Recall that a desk is a series of numbered commits. Not every commit in a desk must be numbered. For example, if the %base desk has had 50 commits since %foo was forked from it, then a merge from %base to %foo will only add a single revision number, although the full commit history will be accessible by traversing the parentage of the individual commits.

We do guarantee that the first commit is numbered 1, commits are numbered consecutively after that (i.e. there are no "holes"), the topmost commit is always numbered, and every numbered commit is an ancestor of every later numbered commit.

There are three ways to refer to particular commits in the revision history. Firstly, one can use the revision number. Secondly, one can use any absolute time between the one numbered commit and the next (inclusive of the first, exclusive of the second). Thirdly, every desk has a map of labels to revision numbers. These labels may be used to refer to specific commits.

Additionally, Clay is a global filesystem, so data on other urbits is easily accessible the same way as data on our local urbit. In general, the path to a particular revision of a desk is /~urbit-name/desk-name/revision. Thus, to get /try/readme/md from revision 5 of the %base desk on ~sampel-sipnym, we refer to /~sampel-sipnym/base/5/try/readme/md. Clay's namespace is thus global and referentially transparent.

A Typed Filesystem

Since Clay is a general filesystem for storing data of arbitrary types, in order to revision control correctly it needs to be aware of types all the way through. Traditional revision control does an excellent job of handling source code, so for source code we act very similar to traditional revision control. The challenge is to handle other data similarly well.

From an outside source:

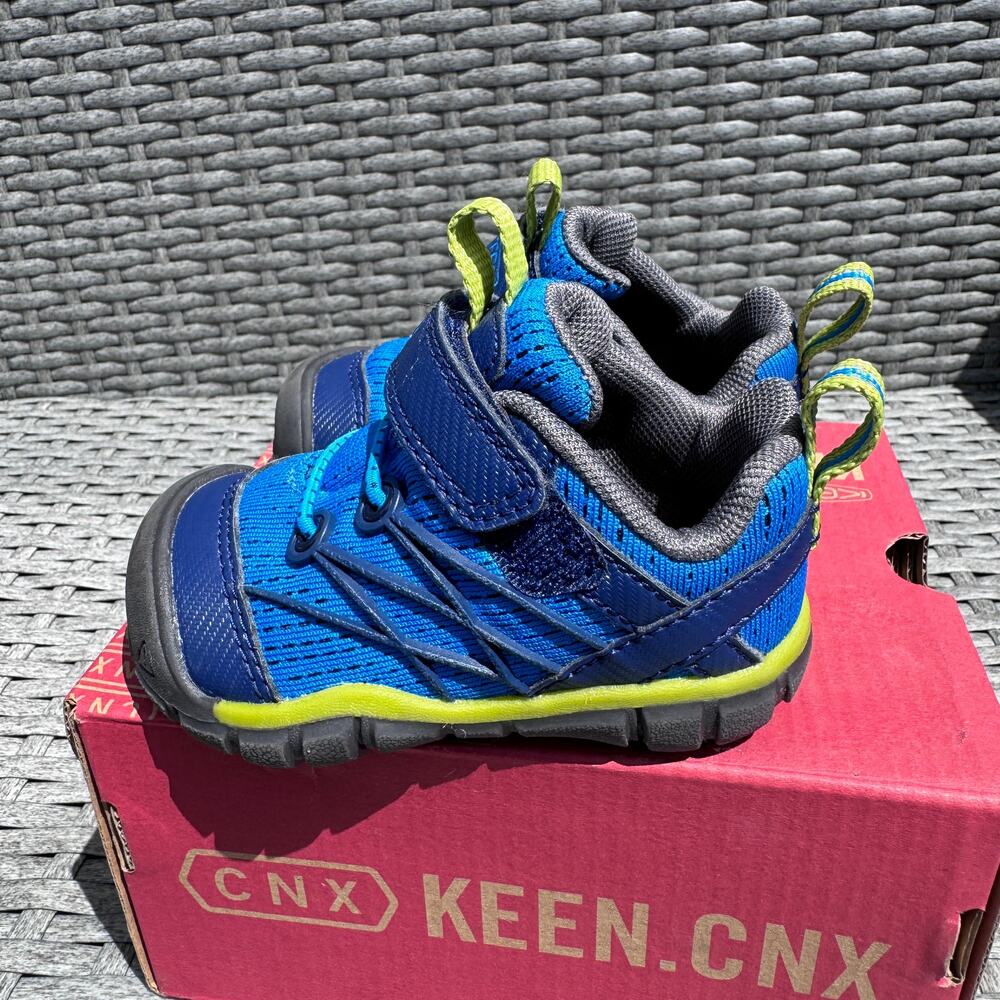 Keen Chandler‎ CNX Hiking Shoes Mesh Bungee Lace Blue Green Kids Toddler Size 4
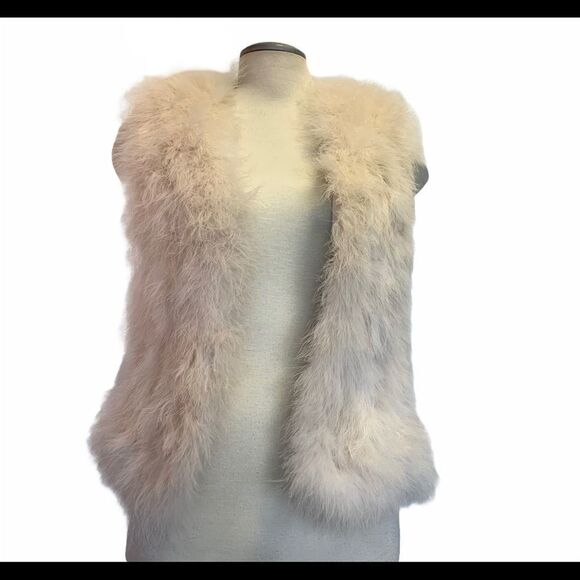Club Monaco Cream Fur Feather Vest Sz S - Picture 7 of 14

For example, modern VCSs generally support "binary files", which are files for which the standard textual diffing, patching, and merging algorithms are not helpful. A "diff" of two binary files is just a pair of the files, "patching" this diff is just replacing the old file with the new one, and "merging" non-identical diffs is always a conflict, which can't even be helpfully annotated. Without knowing anything about the structure of a blob of data, this is the best we can do.

Often, though, "binary" files have some internal structure, and it is possible to create diff, patch, and merge algorithms that take advantage of this structure. An image may be the result of a base image with some set of operations applied. With algorithms aware of this set of operations, not only can revision control software save space by not having to save every revision of the image individually, these transformations can be made on parallel branches and merged at will.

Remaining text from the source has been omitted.